Stadt ökonomischer? Was nutzt es wenn es 300 freie Stellen in der Stadt gibt, auf dem Land dagegen nur 15, in der Stadt darauf aber 2000 Bewerber kommen, auf dem Land hingegen 20? Ich brat mir ein Ei darauf, dass der nächste Aldi hier nur 800 Meter weg ist - ich fahr ja doch mit dem Auto hin, da kann ich auch 3km fahren. Auf dem Land sehe ich Leute, wenn ich das will und nicht weil wir zufälligerweise morgens um die gleiche Zeit aus dem Haus gehen. Stadt ist offener, individueller? Klar, deswegen schob man mich auch als ich mit 16 schwanger wurde von der Schule mit den Worten "sie hinterlassen hier nur einen schlechten Eindruck", das ich nicht lache. ich glaube kaum, dass ich damals auf dem Land mit meiner Situation so einsam gewesen wäre wie ich es in er Stadt war - eben weil in der Stadt nur dieser verdammicht blöde "Eindruck" zählt. Egal was Du bist und wer Du bist, hauptsache Du machst Eindruck.
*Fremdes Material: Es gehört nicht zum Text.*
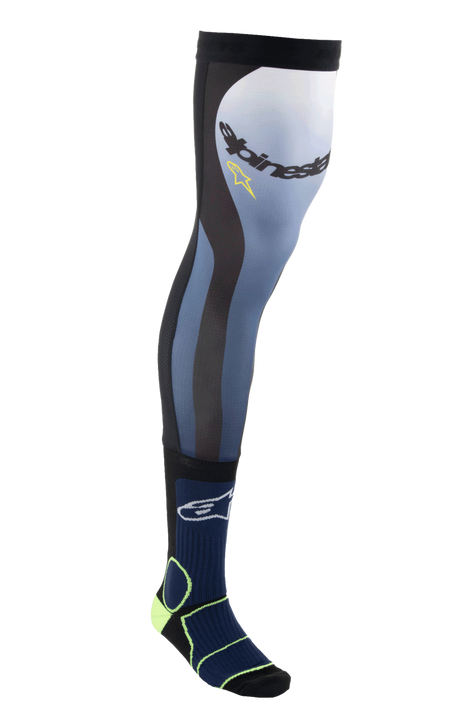 KNEE BRACE SOCKS - NIGHT NAVY/YELLOW FLUO Alpinestars motocross kit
Land ist für mich heute Herausforderung. Herausforderung der Stille. Weg von all dem Zeug, das nur ablenkt und ablenken soll. Weg von Werbeplakaten, die bald größer werden als die Häuser, an denen sie hängen, weg von Dudel-Beschallung in dem flughafengroßen Kaufhaus, das genau zwischen 12:00 Uhr und 13:00 gerammelt voll ist, weil der ach so individuelle Städter dann Mittagspause hat, weg von dem ganzen Scheiß, der Dich schöner, besser, toller, reicher machen soll, weg zu dem, was wirklich wichtig ist - unter Menschen, die noch lachen, wenn sie Deine Uschi-Glas-Haut-Pflegecreme im Bad sehen würden.
Aber ich betone, dass ich von LANDleben und nicht von DORFleben spreche.